What Is Pulmonary Sequestration? Understanding This Rare Congenital Lung Condition

Pulmonary sequestration is a rare congenital anomaly that occurs during lung development, typically unrelated to genetic factors. This condition arises when a portion of the lung forms abnormally and receives its blood supply from systemic arteries—usually branches of the aorta—rather than the pulmonary circulation. Often, this abnormality is discovered incidentally during routine imaging tests such as chest X-rays or CT scans performed for unrelated reasons.

Understanding the Two Types of Pulmonary Sequestration

There are two primary classifications of pulmonary sequestration: intralobar (within the lung lobe) and extralobar (outside the lung lobe). Each type presents with distinct anatomical features and clinical implications.

Intralobar Pulmonary Sequestration

In this form, the abnormal lung tissue shares the same visceral pleura as the surrounding healthy lung tissue. It often connects to the bronchial tree, allowing air entry into the isolated segment. However, because this tissue lacks proper drainage mechanisms, it becomes prone to recurrent infections such as pneumonia or bronchitis. Patients may experience chronic cough, fever, and chest discomfort. While antibiotics can temporarily alleviate symptoms, the problem tends to recur due to persistent mucus buildup and poor clearance.

Extralobar Pulmonary Sequestration

This variant is rarer and more distinct anatomically. The sequestered lung tissue is completely enclosed by its own pleural covering, separate from the normal lung. Since it doesn't communicate with the tracheobronchial tree, it usually doesn't cause respiratory symptoms. As a result, many cases go undiagnosed until adulthood—or sometimes are only found postmortem. In some infants, extralobar sequestration may be detected prenatally via ultrasound due to visible masses in the chest cavity.

Clinical Presentation and Diagnostic Approaches

Symptoms vary widely depending on the type and size of the sequestration. Intralobar cases often present with repeated pulmonary infections, while extralobar ones may remain asymptomatic for years. When symptoms do occur, they can include chest pain, shortness of breath, and even hemoptysis (coughing up blood) in severe cases.

Diagnosis typically involves advanced imaging techniques. High-resolution CT angiography is particularly effective in identifying the aberrant systemic artery feeding the lesion—a hallmark feature of pulmonary sequestration. MRI may also be used, especially in pediatric patients, to avoid radiation exposure.

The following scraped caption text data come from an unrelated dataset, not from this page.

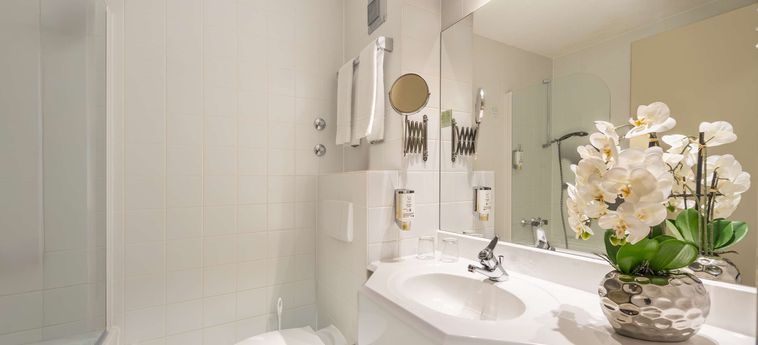 Hotel Plaza Inn Chemnitz Chemnitz: Foto 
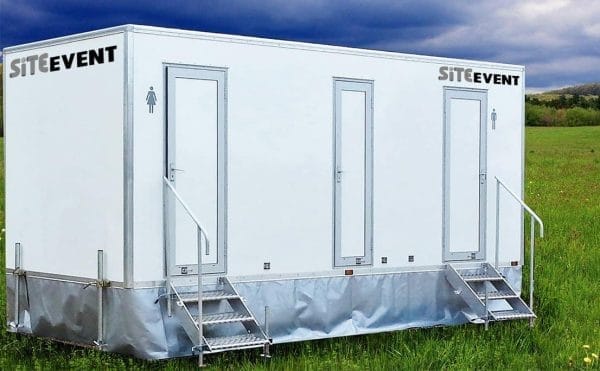 Luxury Toilet Trailers Luxury Toilet Trailers
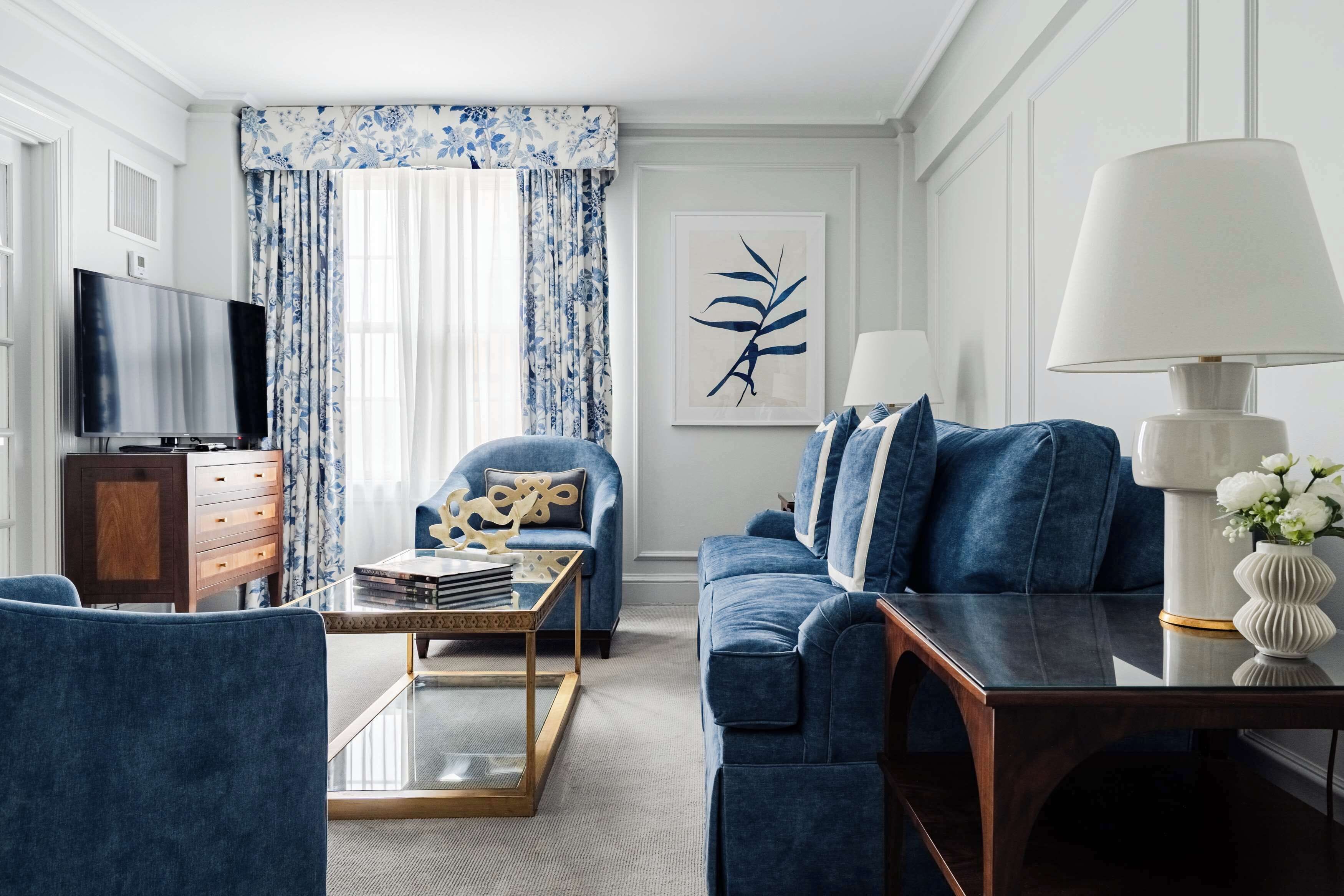 Foto - The Eliot Hotel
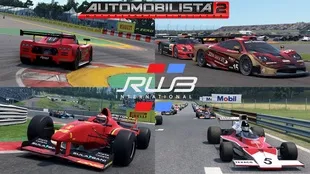 RWB Randomizer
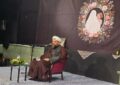 امابیهای رهبر شهید؛ روایت ۲۷ سال زندگی مشترک بشری حسینی از زبان همسر امابیهای رهبر شهید؛ روایت ۲۷ سال زندگی مشترک بشری حسینی از زبان همسر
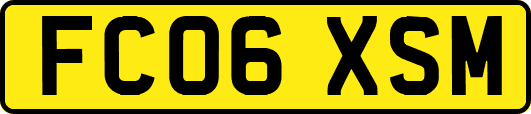 FC06XSM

Treatment Options and Long-Term Outlook

Since pulmonary sequestration results from structural malformation during fetal development, it cannot be treated with medication alone. The gold standard for definitive management is surgical resection—removal of the non-functional lung tissue. For symptomatic patients, surgery significantly reduces the risk of recurrent infections and potential complications like abscess formation or heart strain due to abnormal blood flow.

In asymptomatic individuals, especially those diagnosed incidentally in adulthood, watchful waiting might be considered. However, given the long-term risks—including infection and possible malignant transformation—many specialists recommend prophylactic removal, particularly in younger patients.

Pulmonary sequestration, though uncommon, is an important diagnosis to consider in patients with unexplained lung infections or incidental findings on imaging. Early detection and appropriate intervention—often surgical—can lead to excellent outcomes and prevent future health complications. If you or a loved one has been diagnosed with this condition, consulting a thoracic surgeon or pulmonologist is a crucial next step toward achieving optimal lung health.